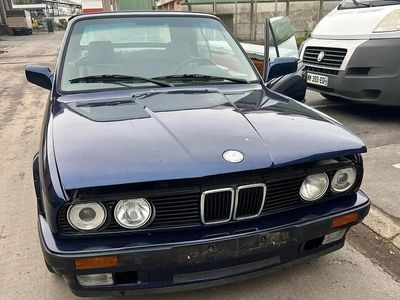 Bleu Occasion 1991 BMW 320 Cabriolet Cabriolet | 13 000 €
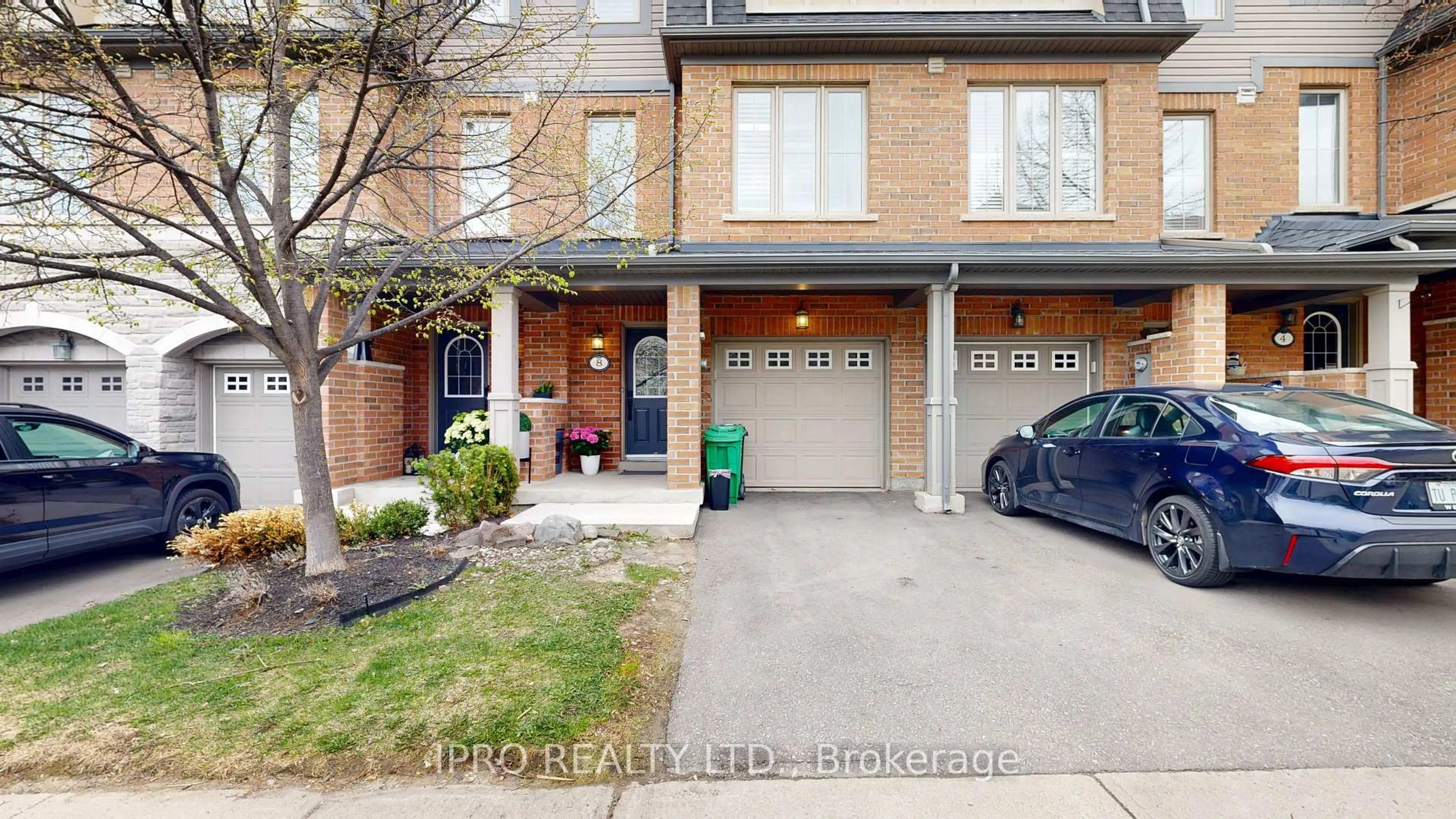 Home with brick exterior material, street for 8 Bakewell St, Brampton Ontario L5L 2E5
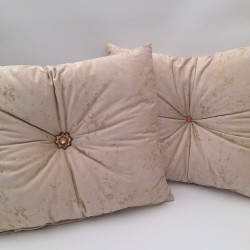 Luvoti polštář s kamínkovou broží (sada 2 ks)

## About this exercise
Your copy should hold exactly and only the lines from the one containing "Home with brick" through the end of the material, inclusive, repeated word for word and without pictures.

## Result of the task
 Home with brick exterior material, street for 8 Bakewell St, Brampton Ontario L5L 2E5
 Luvoti polštář s kamínkovou broží (sada 2 ks)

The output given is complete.